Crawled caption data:

┌────────

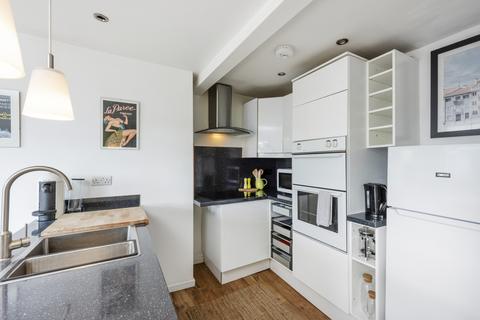 93b Stoke Newington Church Street, London, N16 0AS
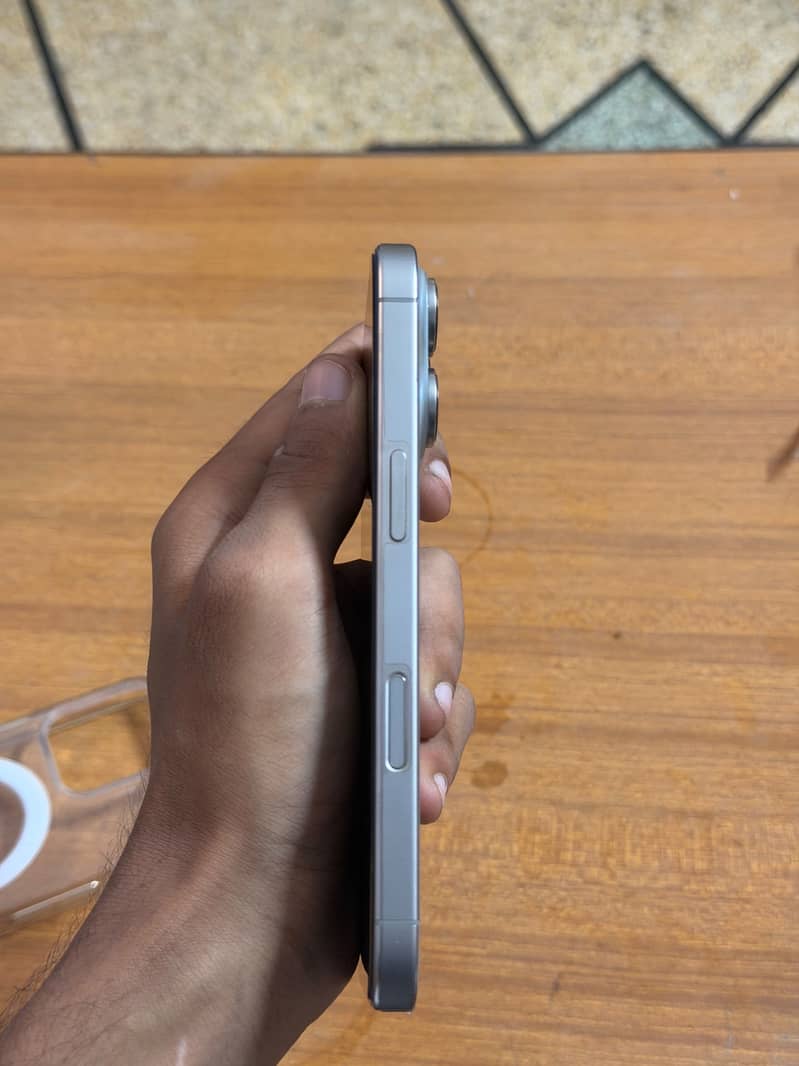Apple iPhone 16 Pro 6
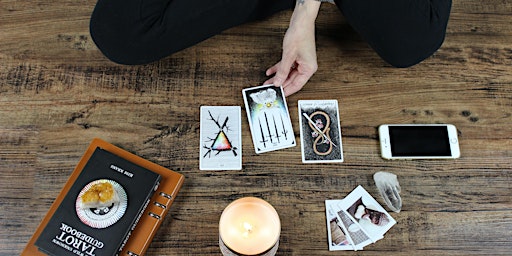 Primaire afbeelding van It's in the cards: Incorporating tarot in your psychotherapy practice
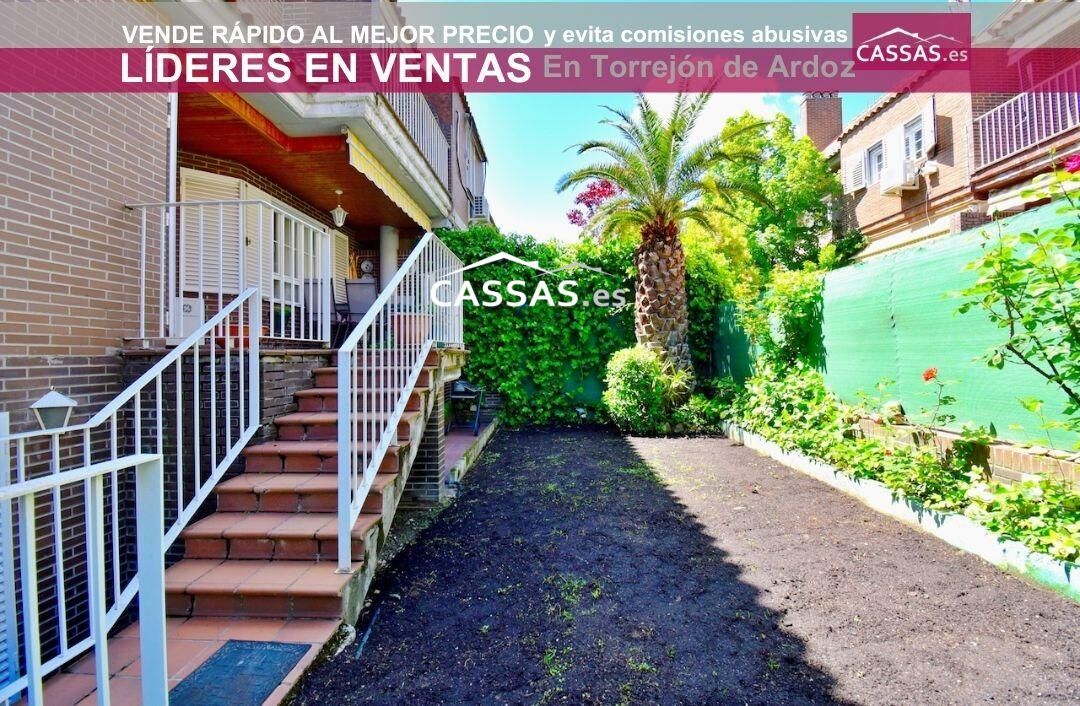Vista exterior de Casa adosada en venda en Torrejón de Ardoz amb Aire condicionat, Calefacció i Terrassa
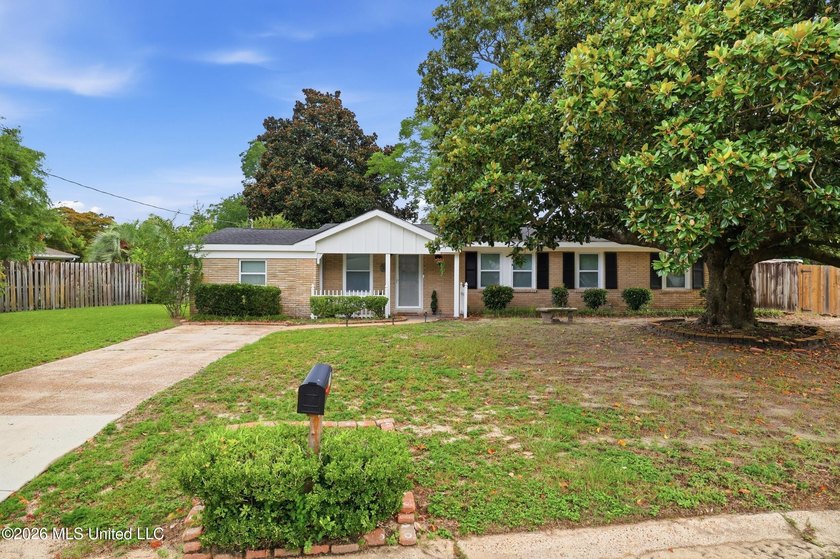 Welcome home to this beautifully updated 4-bedroom, 2-bath home - photo 2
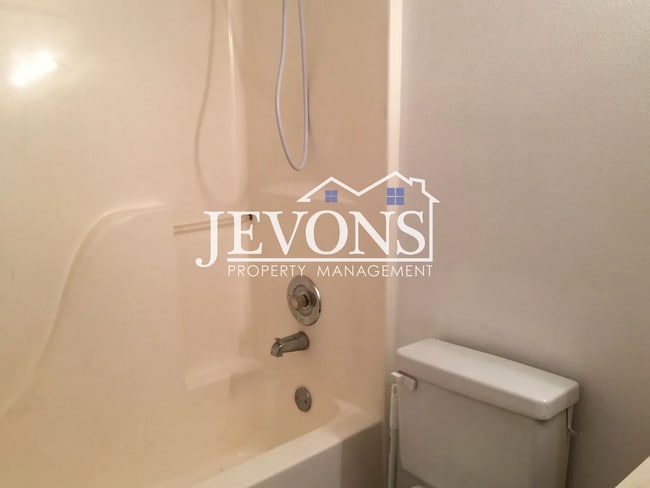 Building Photo - 1819 S 12th Ave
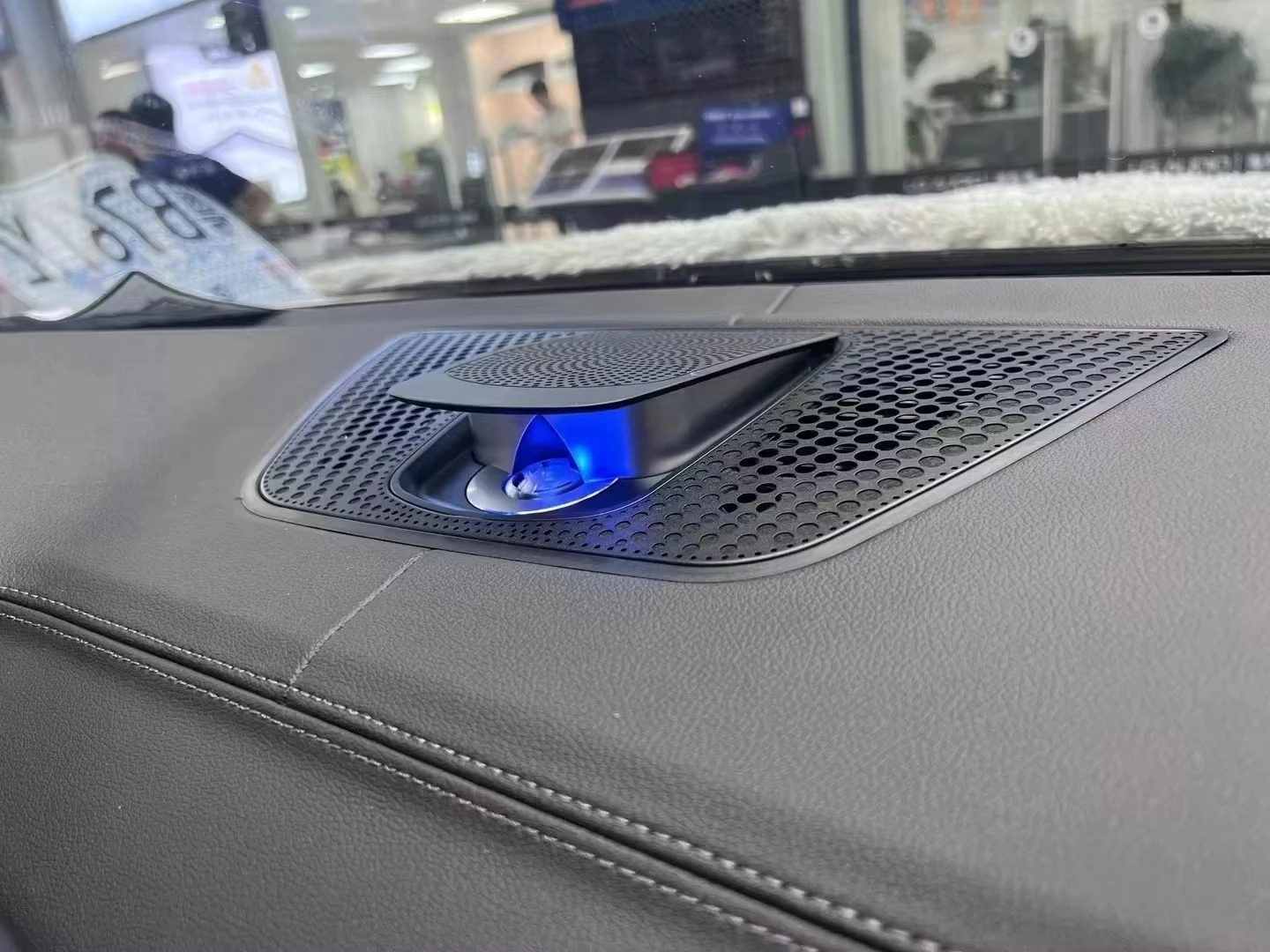 Car Speakers Dashboard Lifting Tweeter Multi-color Switching Loudspeaker for X5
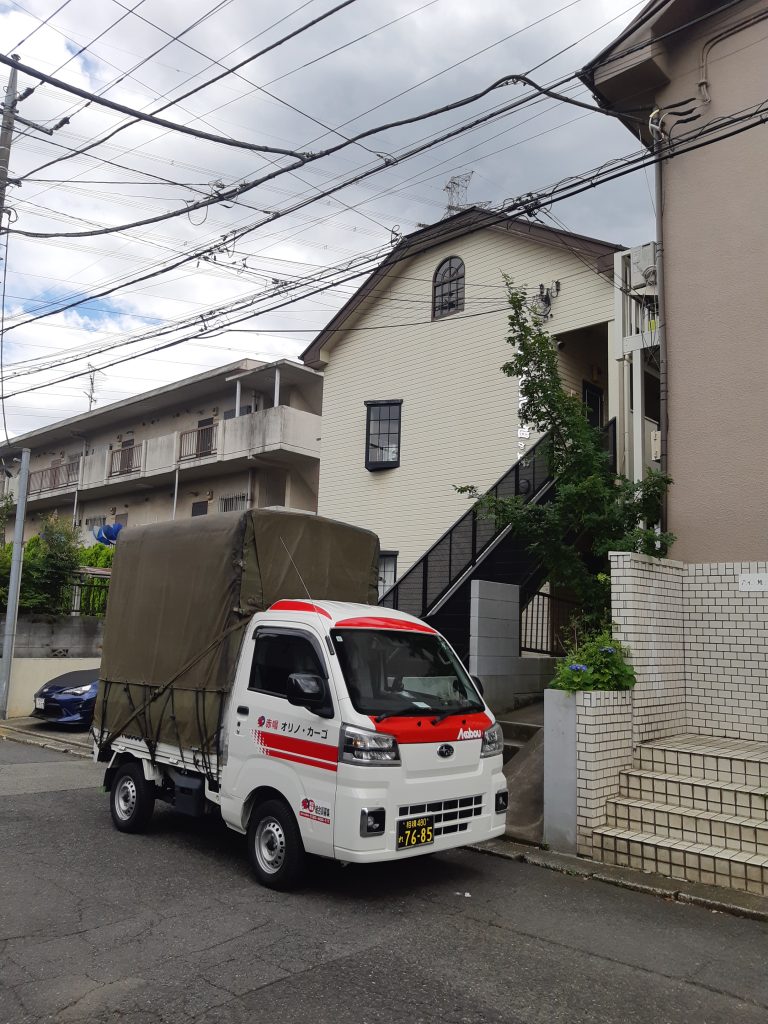東京都八王子市から山梨県甲府市への単身引っ越し。東京で荷物の積み込み完了、山梨へ出発の赤帽車。
首都高速道路、中央自動車道を使用します。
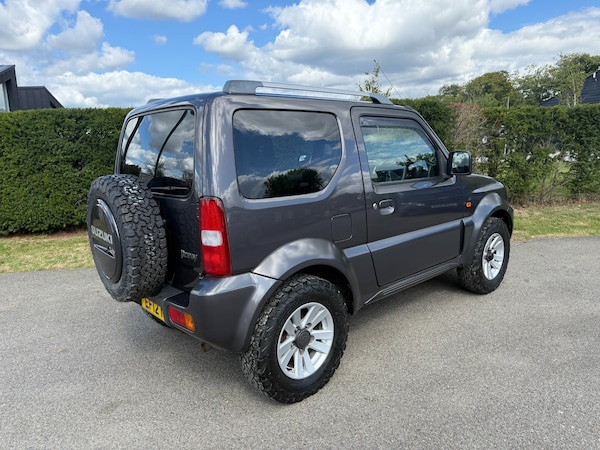 Used Suzuki Jimny 2012 for sale - 76027638: Photo 3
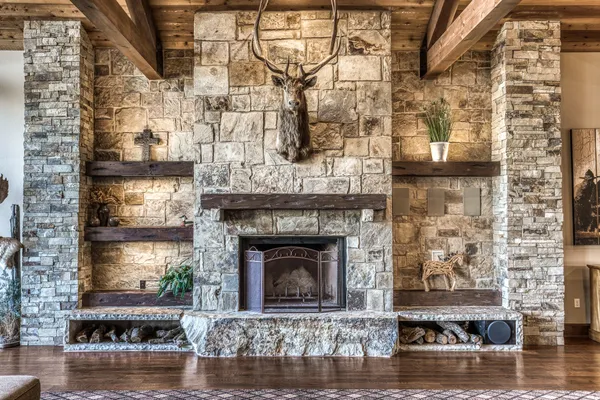 $3,400,000 | 6892 Palm Road, Sealy, TX 77474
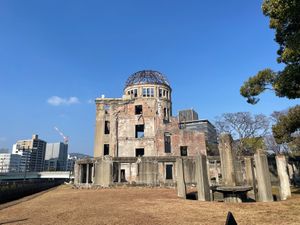 平和記念公園へ。原爆ドームなどを見学。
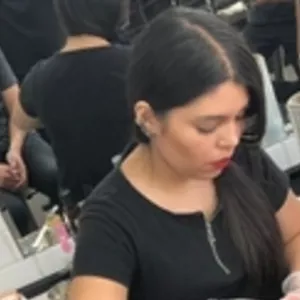 Valentina - profesor de cosmetología - Maipú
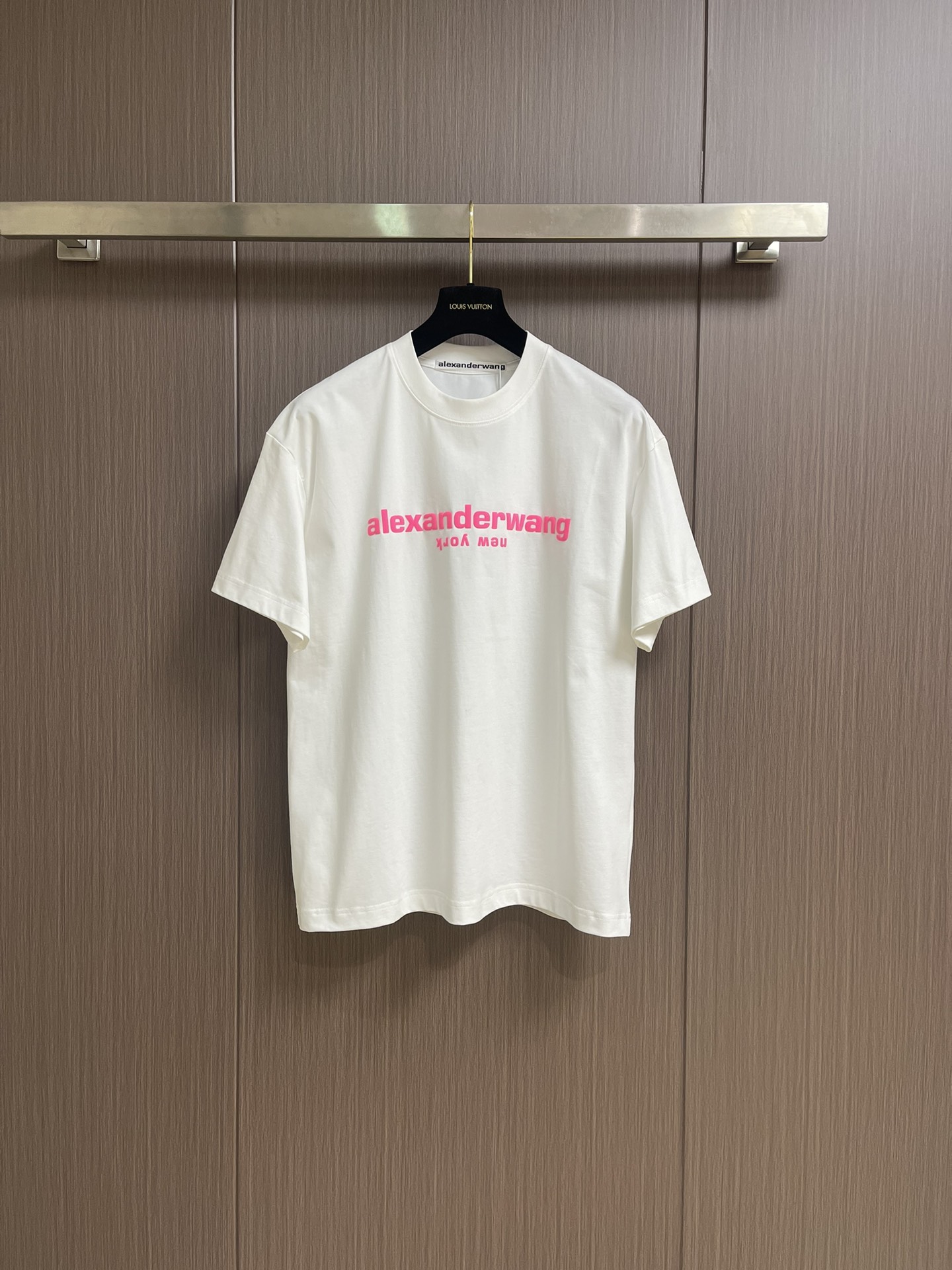 “High-Quality Cotton Alexander Wang 2025SS Summer T-Shirts, Skin Comfort, Dynamic Design, Sizes S-XL” - 图片 1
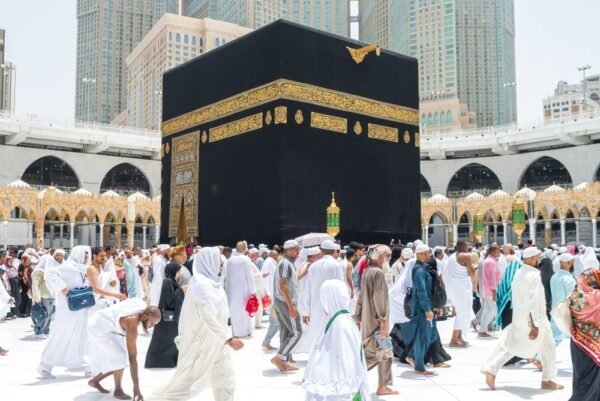 How to perform Umrah For Ladies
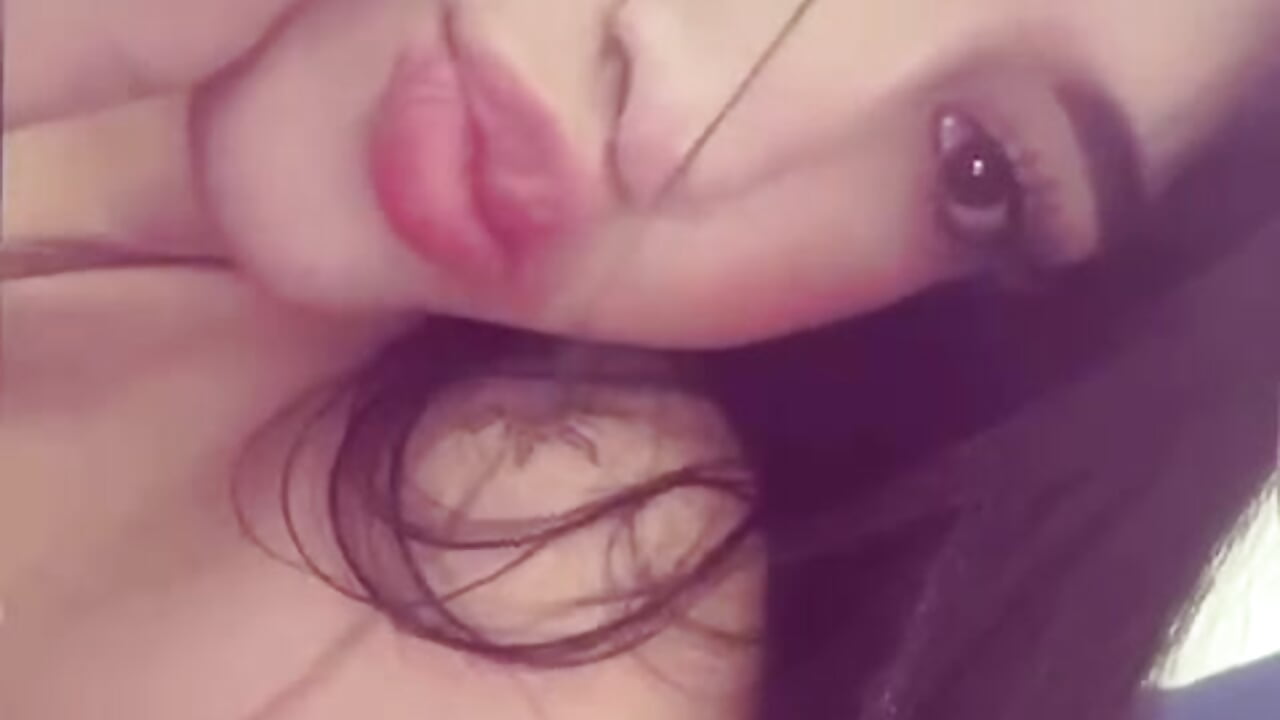 “Innocent on the outside, dangerous on the inside 💋” - video van ahri_roux3 cam-model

└────────

**What you need to do:** Working from the records above, reproduce exactly the lines from the one with "東京都八王子市から山梨県甲府" through the last line, without the pictures.

**Your solution:**
東京都八王子市から山梨県甲府市への単身引っ越し。東京で荷物の積み込み完了、山梨へ出発の赤帽車。
首都高速道路、中央自動車道を使用します。
 Used Suzuki Jimny 2012 for sale - 76027638: Photo 3
 $3,400,000 | 6892 Palm Road, Sealy, TX 77474
 平和記念公園へ。原爆ドームなどを見学。
 Valentina - profesor de cosmetología - Maipú
 “High-Quality Cotton Alexander Wang 2025SS Summer T-Shirts, Skin Comfort, Dynamic Design, Sizes S-XL” - 图片 1
 How to perform Umrah For Ladies
 “Innocent on the outside, dangerous on the inside 💋” - video van ahri_roux3 cam-model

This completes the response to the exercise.